Bitcoin was born as a movement by the people for the people. And so, I wanted to give the community supporting this movement an opportunity to be heard — sourcing the key ideas in this article through Twitter.
Bitcoin is a protest against corruption.
Naval Ravikant, founder of Angelist once tweeted: “Bitcoin is a tool for freeing humanity from oligarchs and tyrants, dressed up as a get-rich-quick scheme.”
With this perspective in mind, it’s no surprise that Bitcoin has a much higher rate of adoption in countries that have a history of government oppression — Germany, China, Venezuela — and a lower rate of adoption in the U.S. Americans are much more likely to have faith in their U.S. Dollar than a new cryptocurrency.
One story was shared with me anonymously by a Ukranian software engineer — let’s call him Greg. In 2014, what began as a peaceful protest in Ukraine quickly grew into a civil war, riddling the country with violence and unrest. As expected, due to political instability, the local currency was devalued by 70%. Greg lost his job and was looking for a way to escape the rebellion.
“There was nothing left for me there, I was surrounded by death and destruction. I started plotting an escape.”
Airports and roads were guarded by soldiers to prevent people from fleeing — temporary visits to family, however, were permitted by car. It was well known that many of the officials charged with guarding the borders were corrupt and would confiscate money and valuables at checkpoints. And so Greg, having kept most of his savings in USD, decided to trade it all for Bitcoin. He memorized the 12 words from his seed phrase like “his life depended on it” and ran, with nothing but a small backpack on his person, managing to escape with all of his wealth intact.
[For anyone new to Bitcoin, you can access a Bitcoin wallet from anywhere on the internet as long as you know your seed phrase.]
There are countless stories like Greg’s. Tales of people fleeing persecution in Eastern Europe, South America and Africa, using Bitcoin as a means to carry value with them. For many, Bitcoin is what saved their wealth and, by extension, their life.

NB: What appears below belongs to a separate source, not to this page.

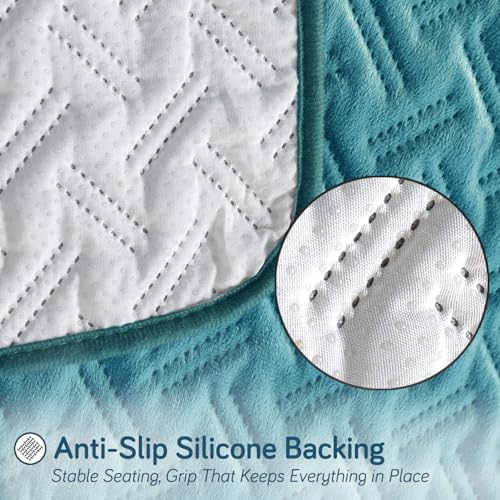 Image of HOKIPO Premium Velvety Quilted Sofa Backrest Cover - Anti-Slip, Washable, 'Softline Quilted Series' | Teal Blue (AR-6322-BL)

Skeptics often use the argument that Bitcoin “isn’t backed by anything.” But this is an inherently privileged North American view. Bitcoin is backed by a demand for financial freedom, for an asset outside the control of governments, and one that cannot be confiscated easily.

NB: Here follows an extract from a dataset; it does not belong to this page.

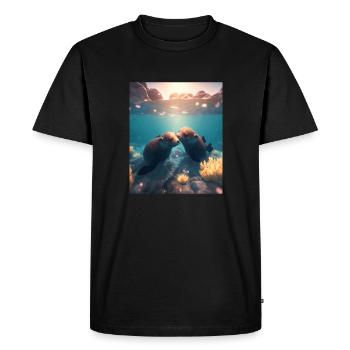 Mignon amoureux de la loutre Sweet Sea Otter Couple - T-shirt Premium bio Homme - noir - Devant - Nico (187cm)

America is not immune to a financial revolution.
America is unique in that it has not experienced a major economic upheaval besides the Great Depression and the last financial crisis in 2008, creating a trust in the system. But America’s fiat currency is only about 50 years old, since Nixon abolished the gold standard in 1971, a relatively unproven experiment. Fiat has already failed in other nation states like Venezuela and Zimbabwe.
Bitcoin was born out of protest against the financial system in 2008. Against monetary stimulus in particular. The very first block of Bitcoin famously gives a nod to this anti-authority sentiment by quoting a headline from the UK Times in the code:
“The Times 03/Jan/2009 Chancellor on brink of second bailout for banks.”

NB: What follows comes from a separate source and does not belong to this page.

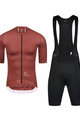 MONTON Cycling short sleeve jersey and shorts - TRAVELER MAX - black/bordeaux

History has shown us that a sudden influx of ‘new’ money without any corresponding economic growth leads to inflation: a rise in prices coupled with a fall in the purchasing power of that currency. This is considered a hidden taxation on citizens — prices rise, but wages stay the same.
There is a prevailing sentiment that the elite who control the government, the financial system and the private banks and corporations, engage in the printing of funds in an effort to prop up the inefficient and inherently corrupt business practices of corporate America — all at the expense of ordinary citizens.
Bitcoin is a currency that is, by design, completely independent of any government and its established financial system. Bitcoin strips governments of their power to create more money. It has a hard cap supply of 21 million units, giving it a built in anti-inflationary mechanism and protecting Bitcoin holders from the risks of monetary policies implemented by central banks.
A global world wants a global currency.
Charles de Gaulle, one of France’s former Presidents, addressed the nation in 1965, saying:
“We consider it necessary that international trade be established as it was the case before the great tragedies of the world, on an indisputable monetary base and one that does not bear the mark of any particular country.”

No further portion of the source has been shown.